Well, since we are witnessing the end of the world-as-we-know-it, computer scientists at the University of Utah decided to give a little push, visualization-wise. They are designing a computer application “they hope eventually will allow news reporters and citizens to easily, interactively and visually [analyze] election results, political opinion polls or other surveys”. They boldly state that they “have developed new techniques for exposing complex relationships that are not obvious by usual methods of statistical analysis” (press release). And what are those new techniques? A doughnut chart:
The outer ring labels the series and the inner ring displays the data. Apparently you may add as many series as you wish and you can filter the results by socio-demographic characteristics.
This is the kind of joke that I would expect to be related to April Fool’s Day, but they seem to be serious about it. No one told them that showing part-of-a-whole is one of the few strenghts of circular charts, that when people see 52,7% they see a pie cut in half, not a quarter, that “whole” mean 100%, not 200% or 300%.

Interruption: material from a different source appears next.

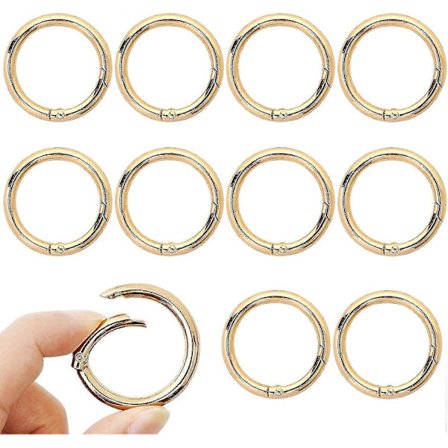 10 stk. 3,175 cm Indvendig Diameter Guld Nøgleringe Guld O Ring Klips Rund Karabinhage Nøglering Snap Kroge Spænder Nøglering Karabinhage Klips Kroge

Regular readers know that I rarely utter such harsh comments on visualization ideas and applications (I even tried to create a dashboard using Crystal Xcelsius), but this is the stupidest idea of the year. They should know better (here are some tips).
By the way, I found this through a post by Sarah Perez at ReadWriteWeb. She writes: “unfortunately, the poll-analysis software isn’t quite ready for prime time. What a tease!” Fortunately, it is not! And judging from other posts, they could use an information visualization consultant.
Well, perhaps I’m missing something. Am I?